I'm conflicted. I've been reading about rationality and thinking about apologetics. I was raised Christian, went to a Christian school and all that.
Some people (EY and the LessWrong crowd in particular) believe religion is not only harmful, but that it must be completely extinguished for being an error in thinking. Their frame of reference is the scientific method and aspects of mathematics (statistics, probability, game theory, etc.). They're all atheists there, that's a given, but instead of the atheist that "lacks belief in God" and other irregular wordplay, they are actively trying to deconvert people.
One aspect they discuss is cognitive biases, that our thinking style is "imperfect" according to mathematical rules humans made as a result of evolution being a clumsy and imperfect designer. If we all adopt materialist-scientism worldviews the world would become a better place, apparently. There's "nothing but" matter and energy, so you must arbitrarily deny that reality has a meaningful nonmaterial aspect, or any kind of meaning for that matter - we're nothing but atoms (but for unspecified reasons we must protect the human race from a superintelligent AI identical to God by definition). Why build an AI God if you want to remove existing religion from the equation? Creating an omnipotent being with powers of atemporality and acausality could potentially be The God of the religions you try to do away with, that is this precise historical trajectory is the temporal loop needed for the AI/God to ensure its own existence. Who knows?
lesswrong.com
Here is another example readthesequences.com
Here the author doesn't point at the claim of God, but to the finger of another that points to God. Instead of addressing whether an omnipotent, omnipresent and omniscient God can be studied, modelled and predicted as a localised event as the scientific method does, or through arguments in pure logic. Instead we get a Whiggish and selective description of history, and that "religion's" (not a religion, or theism, but "religion") position in civilisation is Non-Optimal by the standards of an unqualified silicon valley neckbeard.
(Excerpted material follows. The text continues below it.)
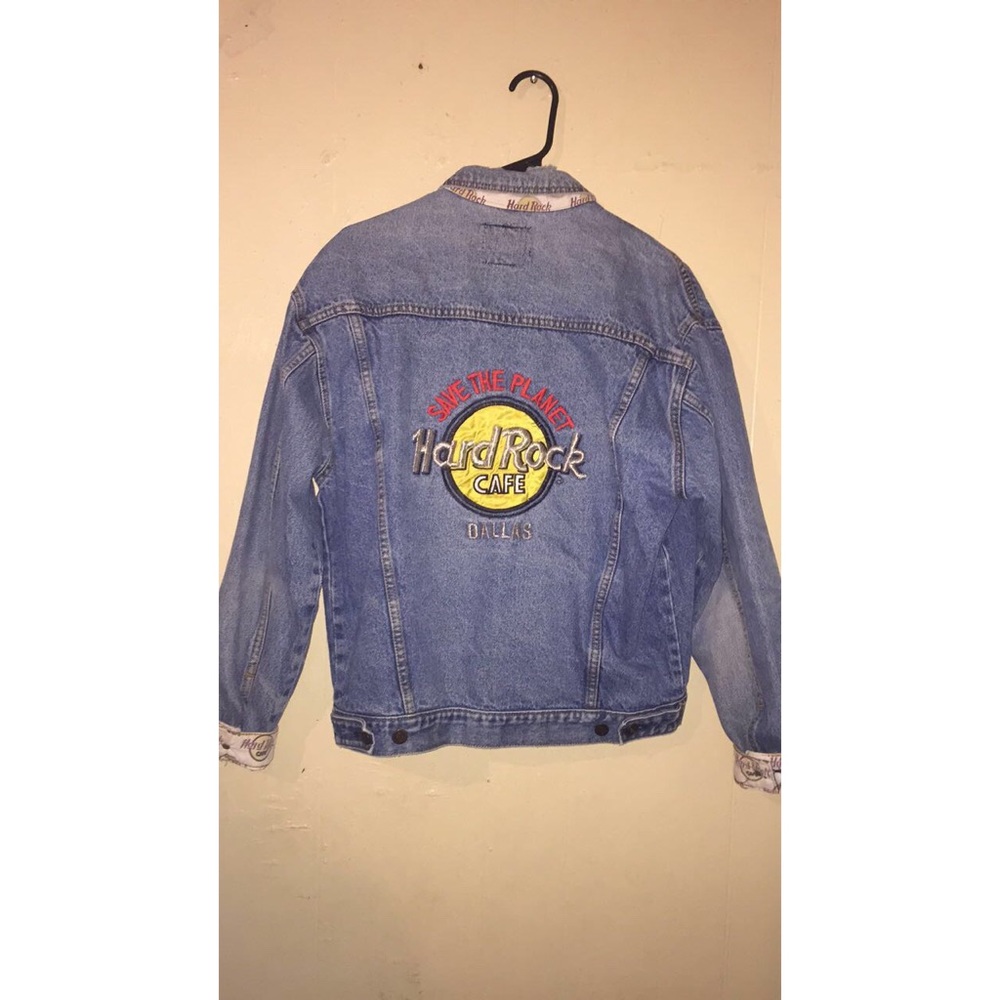 Hard Rock Cafe vintage denim jacket size medium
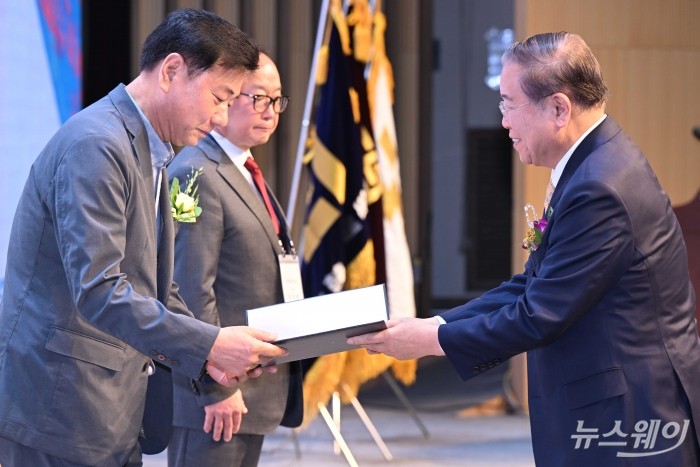 (오른쪽)권영걸 국가건축정책위원회 위원장이 8일 오후 서울 강남구 과학기술컨벤션센터에서 열린 제20회 건축의 날에서 수상자에게 국가건축정책위원장표창을 수여하고 있다. 사진=강민석 기자 kms@newsway.co.kr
My ramble leads to this: current research on rationality and the scientific method deal with localised events, like a poker game and a synthesis of two chemicals. Acting "irrational" is the norm because 'bad' evolution. Science is also having a replication crisis, is subject to fudging the numbers and plagiarism, and is often funded by motivated political interests with agendas.
Do you believe it's possible to be completely rational in your worldview (in your dealings with matter and atoms) while still believing in God? Is religion destructive, considering of all recorded wars non-Islamic wars account for ~3.5% of them in total?
Frankly I think the Orthodox notion of Prelest very rational and the prevalence of Hubris very irrational, but on the God question I'm a bit on the fence.